Here, a question arises—how do we know that the generated summaries are accurate? To confirm this, we need a metric that can assess the outputs. This is called the automatic evaluation of a model. We provide the output summaries and their reference summaries (which we did not use during testing) to the evaluation loop, which assesses the summaries by comparing them. The outcome of the evaluation is evaluation scores. This way, we can measure the quality of the model output. We can also evaluate the outputs given to human annotators to assess their quality, called human evaluation. The outcome of any kind of evaluation are scores that indicate how well/poorly a model has been trained.

How to implement summarization#

Enough theoretical discussion! Let’s move to the implementation part of text summarization. Summarization is a hot topic and almost all big tech companies have developed various libraries and tools for summarization. However, this blog will focus on Hugging Face transformers implementation for abstractive summarization.

Here comes a question: What is Hugging Face (HF)? Let’s make it easy. Think of HF as an umbrella for the AI community, providing a platform containing several open-source datasets, models, pipelines, and evaluation metrics with the AI community discussions. An AI developer can find almost everything required in Hugging Face.

Summarization with Hugging Face#

For abstractive summarization with HF, we need a dataset, a pipeline, or a pretrained model for training and inference and evaluation metrics for summarization. Luckily, all the pieces required—data, models, evaluation metrics—are already provided by HF. Let’s understand how these pieces work one by one. We will start with the data processing for summarization, and this blog only covers this part.

Data#

First, we need a summarization dataset in which each instance consists of a text and reference summary (or summaries) pair. We split data into train, development (dev), and test sets. We train a summarization model with train and dev sets, while the test set is unseen for the trained model to measure its performance. The split ratio can vary according to the domain and problem. However, the most common ratios are 80/10/10 or 90/5/5 for train/dev/test, respectively.

Datasets#

HF has a variety of summarization datasets ranging from news genres to long scientific papers and from covering many languages as monolingual datasets to cross-lingual datasets. The code snippet below shows how to load an existing HF dataset.

Data processing#

Now that we have our dataset, the next step is to process it before forwarding it to the model for training. For this processing, we need a tokenizer and a data collator. The tokenizer is responsible for tokenizing the data and maintaining a vocabulary. These days, byte pair encoding (BPE) or sub-word tokenization techniques are popular as they reduce the vocabulary size effectively.

Tokenizer#

There are plenty of different tokenizers available on HF. However, it is important to use the same tokenizer as the model. For example, if we want to use a pretrained model—BART—the data tokenization must be performed by the BART tokenizer. In many cases, we want to make our code flexible so we can reuse it for applying various models. The good news is that HF provides this flexibility with Auto Classes. In the code snippet below, we have AutoTokenizer, which will eventually get the tokenizer from_pretrained models of our choice.

Python 3.10.4

from transformers import AutoTokenizer
tokenizer = AutoTokenizer.from_pretrained(model_args.tokenizer_name 
                                        if model_args.tokenizer_name 
                                        else model_args.model_name_or_path,
                                        cache_dir=model_args.cache_dir,
                                        use_fast=model_args.use_fast_tokenizer,
                                        revision=model_args.model_revision,
                                        use_auth_token=True 
                                        if model_args.use_auth_token 
                                        else None,)

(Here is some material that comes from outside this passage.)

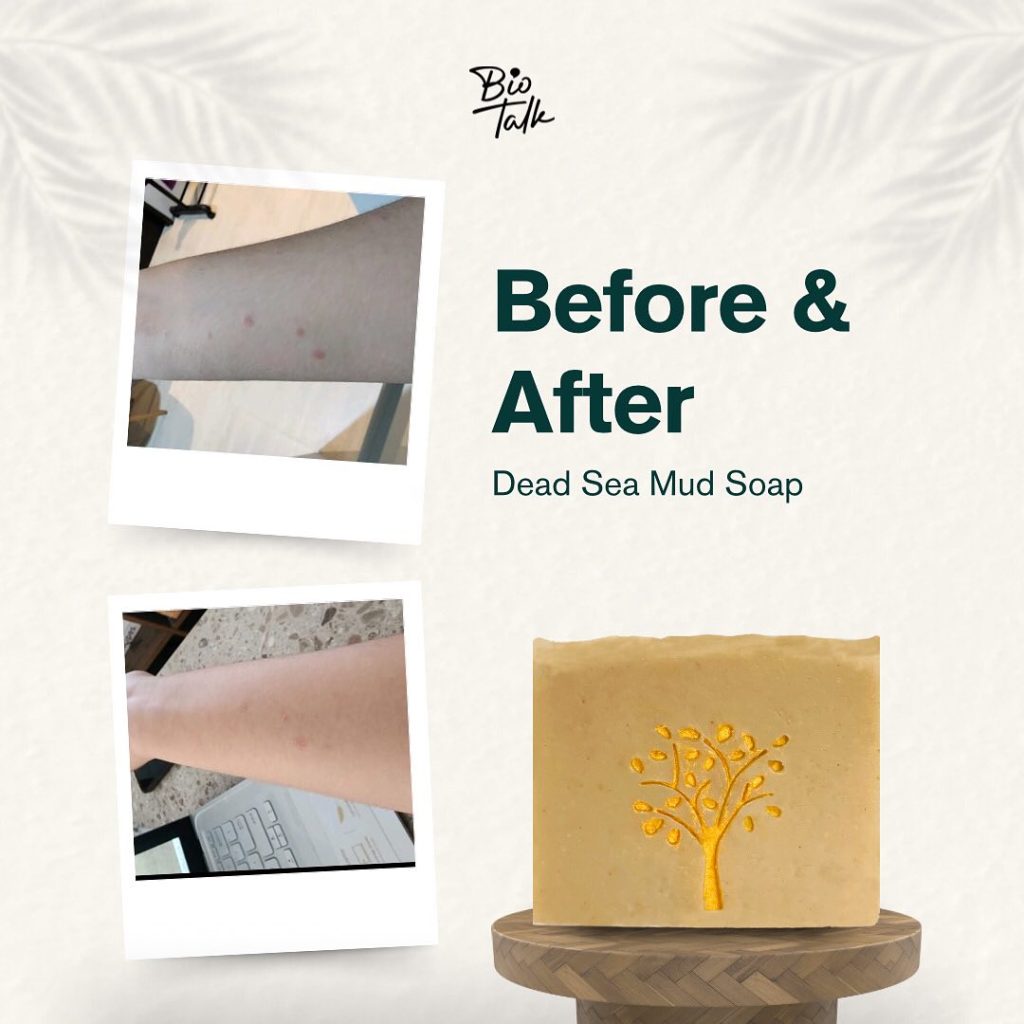 Dead Sea Mud_Before:after-6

Don’t worry about model_args; these are parameters given with the execution command for the code. These args are maintained with a helper class AutoConfig by HF. The AutoConfig class ensures the correct parameter mappings with data, models, and metrics. The tokenizer_name parameter selects the given model for the tokenizer, cache_dir is the name of the folder if we want to change the cache for HF, and use_fast_tokenizer selects a speedy implementation based on the Rust library for tokenizers. The model_revision parameter is used to select the specific version of a model. The use_auth_token parameter is used for security to use a bearer token for remote files on the datasets hub.

Remember: Tokenizers are responsible for tokenization, truncation, padding of data, and adding special tokens. Tokenizers are also responsible for encoding (text-to-vector) and decoding (vector-to-text).

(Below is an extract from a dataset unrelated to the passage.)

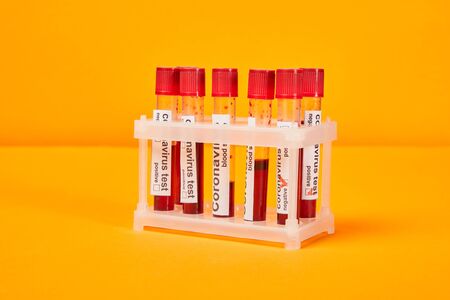 test tubes with blood samples and coronavirus test lettering on orangeの写真素材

If we are working with multilingual or cross-lingual data, we have to set source and target languages. We also have to set forced_bos_token_id for the decoding.

Python 3.10.4

if isinstance(tokenizer, tuple(MULTILINGUAL_TOKENIZERS)):
    assert (data_args.lang is not None), 
    f"{tokenizer.class.name} is a multilingual tokenizer which requires --lang argument"
    
    tokenizer.src_lang = data_args.lang
    tokenizer.tgt_lang = data_args.tgt_lang
    # For multilingual translation models like mBART-50 and M2M100 we need to force the target language token
    # as the first generated token. We ask the user to explicitly provide this as --forced_bos_token argument.
    forced_bos_token_id = (tokenizer.lang_code_to_id[data_args.forced_bos_token] 
    if data_args.forced_bos_token is not None else None)
        model.config.forced_bos_token_id = forced_bos_token_id

Python 3.10.4

def preprocess_function(examples):
    inputs, targets = [], []
    for i in range(len(examples[text_column])):
        if examples[text_column][i] is not None and examples[summary_column][i] is not None:
            inputs.append(examples[text_column][i])
            targets.append(examples[summary_column][i])
    inputs = [prefix + inp for inp in inputs]
    model_inputs = tokenizer(inputs, max_length=data_args.max_source_length, padding=padding, truncation=True)
    # Setup the tokenizer for targets
    with tokenizer.as_target_tokenizer():
        labels = tokenizer(targets, max_length=max_target_length, padding=padding, truncation=True)
    # If we are padding here, replace all tokenizer.pad_token_id in the labels by -100 when we want to ignore
    # padding in the loss.    
    if padding == "max_length" and data_args.ignore_pad_token_for_loss:
        labels["input_ids"] = [[(l if l != tokenizer.pad_token_id else -100) for l in label] for label in labels["input_ids"]]
    model_inputs["labels"] = labels["input_ids"]
    return model_inputs

In line 8, we add prefix at the start of each input text. For some pretrained models, adding the task name as prefix is required because these models are trained for multiple NLP tasks. Then, in line 9, we apply the tokenizer to our inputs where max_length=data_args.max_source_length sets the maximum accepted length of the given input (2048 tokens at max), padding=padding is a boolean flag setting if we have to pad the text if it is less than max_length, and truncation=True is also a boolean flag setting to truncate if the given text is longer than the maximum length. In lines 12–13, with tokenizer.as_target_tokenizer() sets the tokenizer for the decoding side, and then we tokenize our summaries, which max_length=max_target_length sets the maximum length of the target. We don’t want to include the padding token in the loss calculations for model optimization. Lines 17–18 ensure that the padding token is ignored.

Data collator#

Now, we have our tokenizer all set; however, we can’t process all data simultaneously due to resource limitations. We need batch processing to process chunks of data in multiple iterations. Here comes DataCollator for our help. It loads data as batches into memory and also performs shuffling among the instances if enabled. The code snippet below shows a DataCollator for summarization.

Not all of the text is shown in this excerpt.